Anerkennungs- und Förderpreis für Kommunikation in der Onkologie Ein Preis der

Lebensqualitätserhebung bei Patienten mit Krebserkrankungen des Magen-Darm-Trakts

Klinikum Wels-Grieskirchen, Abteilung für Innere Medizin IV

Anerkennungspreis

Begründung Jury

„Bei diesem Projekt wird Patienten mit Krebserkrankungen des Magen-Darm-Trakts, die eine Chemo-Therapie bekommen, bei jedem geplanten Aufenthalt ein digitaler Fragebogen zur Ergebung der Lebensqualität ausgehändigt. So ist es den Behandlern möglich, die Themen oder Probleme der Patienten schnell zu identifizieren und diese im Gespräch gezielt anzusprechen. Die Jury erachtet hier den Fokus auf die Lebensqualität sowie die persönlichen Bedürfnisse der Patienten als besonders hervorzuheben. Denn Behandler können so rasch erkennen, was Patienten beschäftigt und daraufhin gezielt kommunizieren.“

Infos zum Projekt

Durch die steigende Arbeitsbelastung im Klinik-Alltag wird die Zeit für Patienten immer kürzer. Um ihnen dennoch möglichst viel Zeit einzuräumen, über ihre Probleme zu sprechen und gemeinsam mit ihnen Lösungsmöglichkeiten dafür zu erarbeiten, wird im Zuge dieses Projektes mit Hilfe weniger Fragen ihre Lebensqualität erhoben. Dies geschieht durch einen digitalen Fragebogen, den die Patienten auf einem Tablet ausfüllen können.

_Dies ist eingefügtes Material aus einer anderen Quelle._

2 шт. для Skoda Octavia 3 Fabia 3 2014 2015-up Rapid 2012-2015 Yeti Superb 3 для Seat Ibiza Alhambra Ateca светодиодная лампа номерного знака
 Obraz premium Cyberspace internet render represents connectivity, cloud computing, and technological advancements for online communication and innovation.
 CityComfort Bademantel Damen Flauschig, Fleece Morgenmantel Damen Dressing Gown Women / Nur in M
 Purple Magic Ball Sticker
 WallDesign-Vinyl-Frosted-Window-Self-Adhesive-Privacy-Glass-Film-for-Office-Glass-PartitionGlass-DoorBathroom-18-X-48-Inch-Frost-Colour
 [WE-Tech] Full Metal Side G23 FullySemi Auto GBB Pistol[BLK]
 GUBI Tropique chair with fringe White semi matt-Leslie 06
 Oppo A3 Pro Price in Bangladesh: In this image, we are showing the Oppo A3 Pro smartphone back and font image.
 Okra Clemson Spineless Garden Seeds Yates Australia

Gefragt wird dabei speziell nach Nebenwirkungen der Chemotherapie, etwa Sensibilitätsstörungen, Übelkeit, Erbrechen, Schmerzen, Durchfall oder Verstopfungen. Weil besonders der psychische Gesundheitszustand wichtig ist, werden auch Fragen zur Rollenfunktion bzw. ihrer sozialen und emotionalen Funktionen gestellt.

Die Vorteile dieser Erhebung sind einerseits, dass die Patienten die Möglichkeit haben, niederschwellig nach psycho-onkologischer Betreuung zu fragen, andererseits kann das behandelnde Team anhand der Antworten rasch möglichen Betreuungsbedarf erkennen und direkt auf die Patienten zugehen. Durch die Befragung werden die wichtigsten Chemotherapie-assoziierten Probleme bereits vor einem Gespräch erkannt und zügig und gezielt im Gespräch thematisiert. Somit bleibt bei der Visite mehr Zeit dafür, individuelle Fragen und Probleme zu besprechen.

Projektziel

Die routinemäßige Lebensqualitätserhebung soll die Kommunikation zwischen Patienten und dem behandelnden Team verbessern. Durch neue Therapiemöglichkeiten wird zwar das Überleben verlängert, doch ein zentraler Punkt jeder Behandlung ist die Lebensqualität der Betroffenen. Vor allem bei palliativen Chemotherapien ist das Ziel, Symptome (Schmerzen, Übelkeit, psychische Belastungen) zu lindern. Diese Symptome werden im direkten Gespräch zwar erfragt, aber aus der klinischen Praxis weiß man, dass diese oft bagatellisiert oder nicht im vollen Ausmaß berichtet werden. Besonders psychische Belastungen sind leider viel zu oft noch ein Tabu-Thema. Die digitale Erhebung der Lebensqualität kann so Probleme aufdecken, die ohne Tablet-Befragung unentdeckt geblieben wären.

Das Projekt wurde rezent durch zwei Master-Thesen evaluiert und wird laufend durch ein interdisziplinäres Team optimiert. Eine derzeit laufende Studie soll den positiven Nutzen für die Kommunikation zeigen.